Taking advantage of the huge potential that promises to be unleashed by Russia’s substantial capital investment program in its Far East territories, international forwarding group F.S. Mackenzie has opened its sixth office in Russia, at Vladivostok.
The new base will provide F.S. Mackenzie – the Russian and UK member of the Famous Pacific Shipping Group global forwarding and NVOCC system - with a platform to develop import traffic from China, Japan, Korea, the USA, Australia and New Zealand, via the city’s deepsea port and airport. Services will include airfreight, container FCL and LCL, break bulk, outsize and special cargo, rail freight, door-to-door deliveries, warehousing and trucking.

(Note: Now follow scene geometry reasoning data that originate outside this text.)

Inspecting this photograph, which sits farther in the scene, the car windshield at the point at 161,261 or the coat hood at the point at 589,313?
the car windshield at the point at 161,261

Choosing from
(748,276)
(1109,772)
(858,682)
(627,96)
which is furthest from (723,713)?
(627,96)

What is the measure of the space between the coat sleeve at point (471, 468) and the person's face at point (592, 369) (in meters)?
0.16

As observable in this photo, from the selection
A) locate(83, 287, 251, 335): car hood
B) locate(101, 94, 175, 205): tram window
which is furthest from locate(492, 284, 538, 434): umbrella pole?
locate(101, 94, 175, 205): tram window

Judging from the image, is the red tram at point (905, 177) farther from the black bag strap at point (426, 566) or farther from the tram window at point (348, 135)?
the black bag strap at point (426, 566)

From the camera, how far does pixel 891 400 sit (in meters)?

The new F.S. Mackenzie branch is headed up by Dmitriy Maslov, who has over 25 years’ experience with Russia’s largest transport provider, FESCO - most recently as senior manager of its liner and intermodal division. Maslov also spent several years in FESCO’s operations in Vietnam and the USA.
The new office joins existing F.S. Mackenzie bases in Moscow, St Petersburg, Yekaterinburg, Novosibirsk and Novorossiysk. It has been launched with three experienced staff, but early workforce expansion is fully anticipated as the office starts to exploit the area’s vast potential. Initially, physical handling and surface transportation are being outsourced.

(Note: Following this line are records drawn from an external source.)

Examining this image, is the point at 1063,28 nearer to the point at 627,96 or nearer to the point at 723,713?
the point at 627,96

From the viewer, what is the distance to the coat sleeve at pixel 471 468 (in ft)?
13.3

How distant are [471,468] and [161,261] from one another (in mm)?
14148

Vladivostok is Russia’s third largest ocean gateway, and has a newly-constructed airport; nearby Vostochniy Port (200 km from Vladivostok) is the third largest sea port in the region. The two ports have modern container and conventional cargo facilities, receive regular calls by major lines including Maersk, CMA CGM, APL, Hyundai, KMTC, Sinokor and FESCO, and enjoy excellent connections to the hinterland via rail and road.
Says Dmitriy Maslov: “The Russian Government is making substantial capital investments in the development of its Far East territories, which are close neighbours to the main Asian exporting countries. This leads us to believe that there will be significant increases in traffic through Vladivostok port and airport, and Vostochniy, in the near future.
“Through this new office, we intend to develop our LCL service to cover the Russian Far East, and also enhance our intermodal solutions for shipments to and from Russia and the CIS.”
He concludes: “Taking into account the time difference with Moscow (7 hours) and London (11 hours), this new office will enable us to control our operations in the region more effectively.”